Während Aussteiger von einst sinnieren, dass es ihr Ibiza eigentlich gar nicht mehr gibt, sitzt eine junge Speditionskauffrau aus dem Rheinland, die Hosenbeine hochgekrempelt, auf dem Steg von "Don Bigottes" Fischlokal und grübelt, wie sie ihre Computerarbeit auf der Insel stationieren kann. "Wenn ich hier online arbeiten kann, ziehe ich her. Wenn nicht, ziehe ich auch her und backe Torten oder so was", sagt Elke. Ibiza soll tot sein? Nicht wahr.
Die Legende lebt, aber die Realität wandelt sich: Hier die Reste der Flower-Power-Generation, die in der dezenten Toleranz der Ibizenkos einst den neuen Menschen zu erkennen glaubten. Da die Techno-Kids, die sich in gigantischen Techno-Palästen ihre Wut, ihre Langeweile, ihre Angst aus dem Leib tanzen. Hier der Fischer, der im Morgenrot seine Netze entwirrt, da die beiden Paradiesvögel, die zum Frühstück schlendern, ein Schwarzer im bodenlangen Schlitzrock und ein Blonder mit weißer Federboa.

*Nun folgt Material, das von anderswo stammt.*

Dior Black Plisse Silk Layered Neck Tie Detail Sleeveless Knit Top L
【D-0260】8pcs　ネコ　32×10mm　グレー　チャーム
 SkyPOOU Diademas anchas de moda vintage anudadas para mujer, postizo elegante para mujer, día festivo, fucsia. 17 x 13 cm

Der Ibiza-Traum lebt noch heute
Ibiza: 570 Quadratkilometer Sedimentgestein, vor ein paar Millionen Jahren aus dem Meer geboren. Durch die Fernrohre der Piraten aller Zeiten als Beute angepeilt. Hier grenzt die Welt ans Paradies. Es müssen Traumbuchten gewesen sein, bevor die ersten Nordeuropäer sie mit Lagerfeuern und Klampfen belagerten. Danach kamen Landaufkäufer, Zeichner und Bagger. Und jetzt stehen da Bettenburgen. So leid es ihnen tut: Die Hippies haben die Insel bereit gemacht für den totalen Tourismus. Von 73000 Inselbewohnern sollen einige Tausend einen deutschen Pass haben. Piraten der Neuzeit kaufen alte Finkas und möbeln sie auf. Millionäre, die von Mallorca herüberschwappen, verderben die Preise. Trotzdem gibt es die von Bauhausästheten wie Walter Gropius bewunderten weißen Dörfer unter blauem Himmel. Und die Basstölpel finden ihren angestammten Nistplatz immer noch auf dem beliebten Fotomotiv, dem 380 Meter hohen Fels in der Brandung Es Vedrá.

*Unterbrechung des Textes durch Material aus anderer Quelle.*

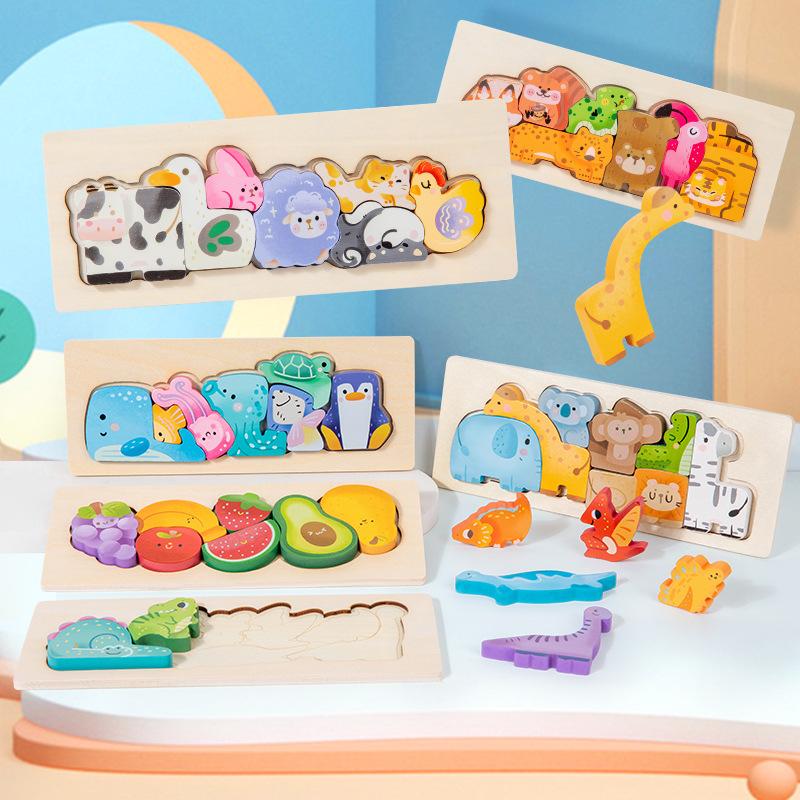 Non-Toxic Baby Toy Wooden Jigsaw Puzzle Creative 3D Puzzle For Children'S Intelligence Development Ealy Educational Toy For Kids Gift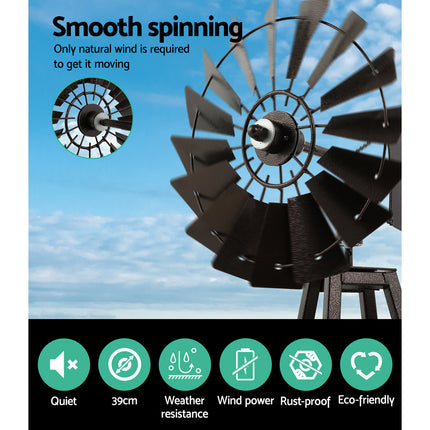 Garden Windmill 160cm Metal Ornaments Outdoor Decor Ornamental Wind Mill 6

Mit 300 Sonnentagen, 300 Hotels und 1800 Restaurants ist und bleibt Ibiza der immergrüne Sommergarten der europäischen Freizeitgesellschaft. Eines der Paradezimmer unter dem europäischen Dach. Zusammen mit den anderen drei Baleareninseln ist Ibiza die reichste Region Spaniens. Tourismusexperten haben längst erkannt, dass sie die Gans nicht schlachten dürfen, die goldene Eier legt. Für jedes neu aufgestellte Hotelbett muss neuerdings ein altes weichen. Flächenverkäufe sind limitiert, und eine Bürgerinitiative kämpft gegen den Agritourismus, damit der Dreck, den Gäste nunmal machen, auf die großen Hotelkomplexe konzentriert bleibt.

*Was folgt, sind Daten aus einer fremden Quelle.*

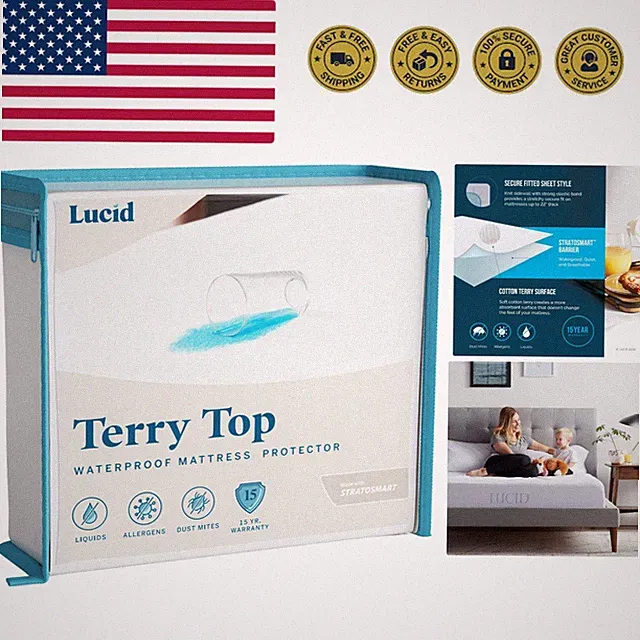 Hypoallergenic 100% Waterproof Mattress Protector - Universal Fit, Cotton Ter...
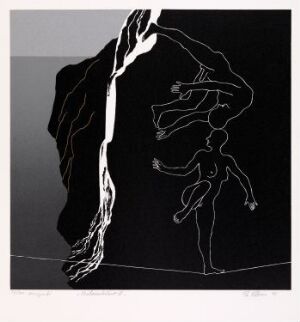  "Balansekunst II" by Per Kleiva, featuring a color silkscreen on paper, with a stark black background and white outlines of a driftwood-like form on the left and a human figure posed as if balancing on the right, captured in a minimalist yet expressive style.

Wer die Mischung von Bier und Sonnenmilch, das Sprachgewirr aus Niederrhein und Londoner Vorstadt nicht erträgt, schläft aus, nachdem er ein feines Essen in der Oberstadt von Ibiza-Stadt zu sich genommen hat. Dann rumpelt er morgens, wenn die anderen zu Bett gehen, im Mietwagen eine steile Schotterpiste hinunter zu einer Felsenbucht, in die nicht mal ein Baukran gepasst hätte. Dort dreht er der käuflichen Welt den Rücken zu, zieht den Duft der samtweichen Salzluft ein und träumt den Ibiza-Traum: Das Meer und ich und die Liebe.